Groeiend bewijs tegen uitstel introductie vast voedsel
De aanbeveling om de introductie van koemelk en vast voedsel uit te stellen bij zuigelingen met een belaste familieanamnese voor allergieën en atopie wordt weersproken door een groeiend aantal observationele onderzoeken. De jongste bijdrage in het debat komt van een Finse onderzoeksgroep onder leiding van Bright Nwaru. In Pediatrics
(2010;125:47-56)
publiceren zij een analyse van gegevens uit een prospectief cohortonderzoek onder een kleine 1000 Finse zuigelingen. Een latere introductie van vast voedsel bleek samen te hangen met een verhoogd risico op sensibilisatie voor voedsel- en inhalatieallergenen op vijfjarige leeftijd.
Eerder wierp het Nederlandse KOALA-onderzoek al twijfels op over het uitstel van introductie van potentiële allergenen.
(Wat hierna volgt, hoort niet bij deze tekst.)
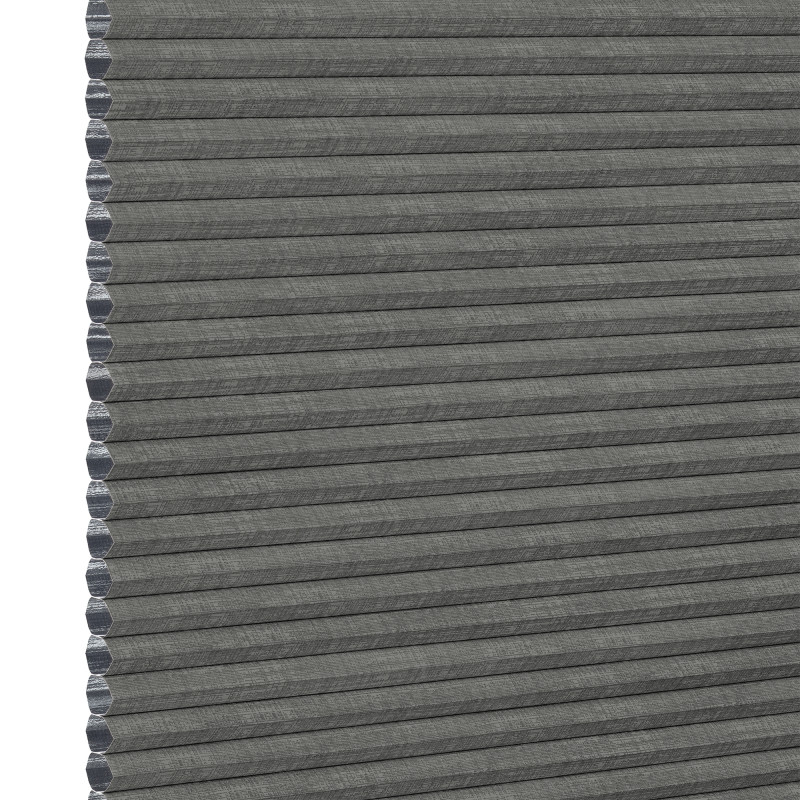Gray honeycomb (cellular) fabric blind, fully lowered with visible hexagonal cells along the left edge; blocking light, shown in an even, neutral close-up product background.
Uitstel van de introductie van koemelk en vaste voeding verhoogde in dit geboortecohort van 2500 kinderen het risico op respectievelijk eczeem en atopie op tweejarige leeftijd (Pediatrics.
2008;122:e115-22).
Het Finse onderzoek bevestigt deze ongunstige uitwerking bij iets oudere kinderen. Het gaat om een subgroep uit een groter cohort kinderen met HLA-genen die predisponeren voor diabetes type 1. Gedetailleerde voedingsdata waren beschikbaar. Vooral late introductie van ei, haver en tarwe bleek samen te hangen met het ontstaan van voedingsallergieën. Late introductie van aardappels en vis hing samen met het ontstaan van overgevoeligheid voor inhalatieallergenen. Opmerkelijk was overigens de timing van bijvoorbeeld de introductie van aardappels in dit Finse cohort. Het risico op allergieën bleek al te stijgen bij een introductie na vier maanden. In Nederland geldt zes maanden informeel als ondergrens voor de introductie van voeding met aardappels.
Het ontstaan van allergieën werd door Nwaru et al. alleen vastgesteld aan de hand van specifiek IgE in het serum. Dus niet, zoals in het Nederlandse onderzoek, ook aan de hand van klinische eindpunten zoals eczeem en piepende ademhaling.
Net als de Nederlandse auteurs doen de Finse auteurs hun best om verstoring van de resultaten door ‘reverse causation’ buiten de deur te houden. Het is immers denkbaar dat ouders die zelf last hebben van allergieën of bij hun kinderen tekenen daarvan zien – zoals eczeem of piepen – de introductie van koemelk en vaste voeding uitstellen. In zowel het Finse als het Nederlandse onderzoek wordt er alles aan gedaan om oorzaak en gevolg zorgvuldig uit elkaar te houden. De Finnen deden dat door de kinderen van allergische ouders apart te analyseren. Met hetzelfde resultaat als in de grote groep.
De richting van het effect van late introductie van vast voedsel lijkt steeds duidelijker. De omvang ervan echter niet. Nwaru en collega’s geven niet aan hoeveel kinderen uit het cohort precies gesensibiliseerd raakten. De absolute risico’s blijven dus vooralsnog onduidelijk.